_WHAT YOU SHOULD DO_: Locate "Filigrane Halskette mit" in the listing. Transcribe the line that contains it and every line that follows, through the last, omitting all pictures.

_DATASET SECTION_:

════════════════════

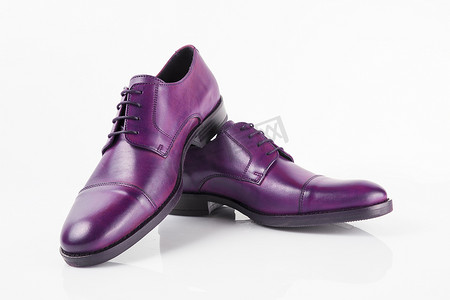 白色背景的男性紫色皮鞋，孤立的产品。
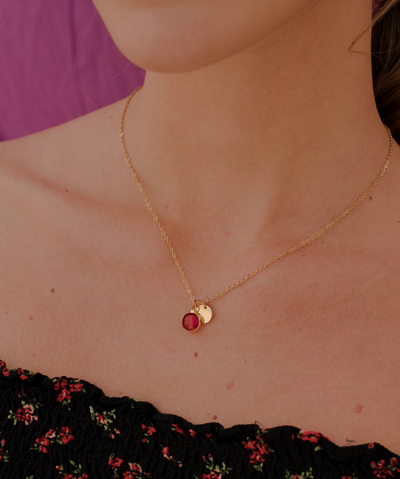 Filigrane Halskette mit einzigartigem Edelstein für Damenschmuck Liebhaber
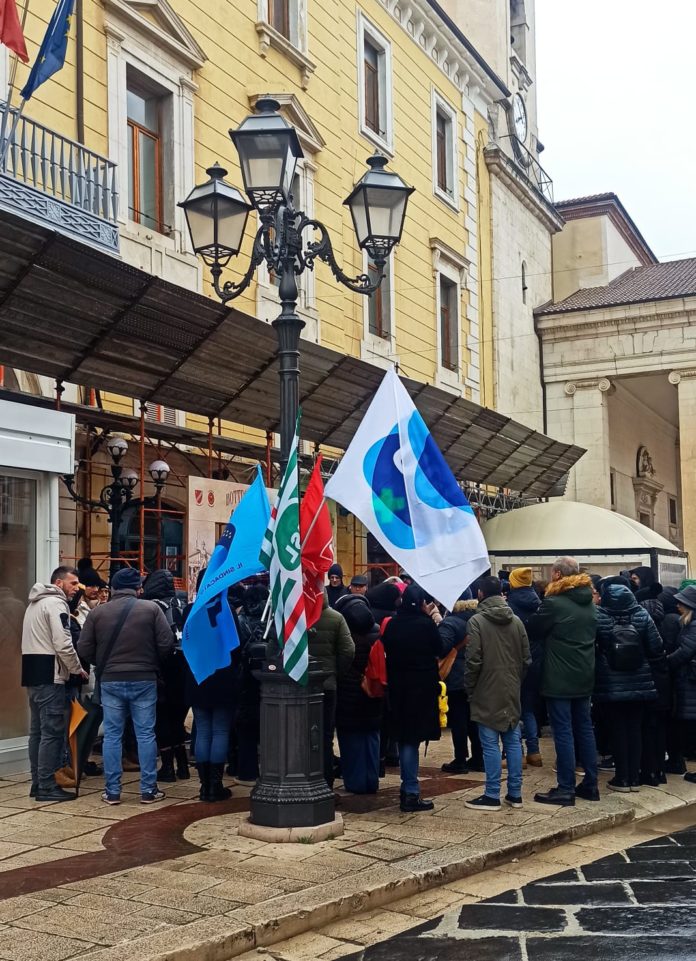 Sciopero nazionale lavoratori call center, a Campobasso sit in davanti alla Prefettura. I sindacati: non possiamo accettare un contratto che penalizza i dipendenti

════════════════════

_WRITTEN ANSWER_:
 Filigrane Halskette mit einzigartigem Edelstein für Damenschmuck Liebhaber
 Sciopero nazionale lavoratori call center, a Campobasso sit in davanti alla Prefettura. I sindacati: non possiamo accettare un contratto che penalizza i dipendenti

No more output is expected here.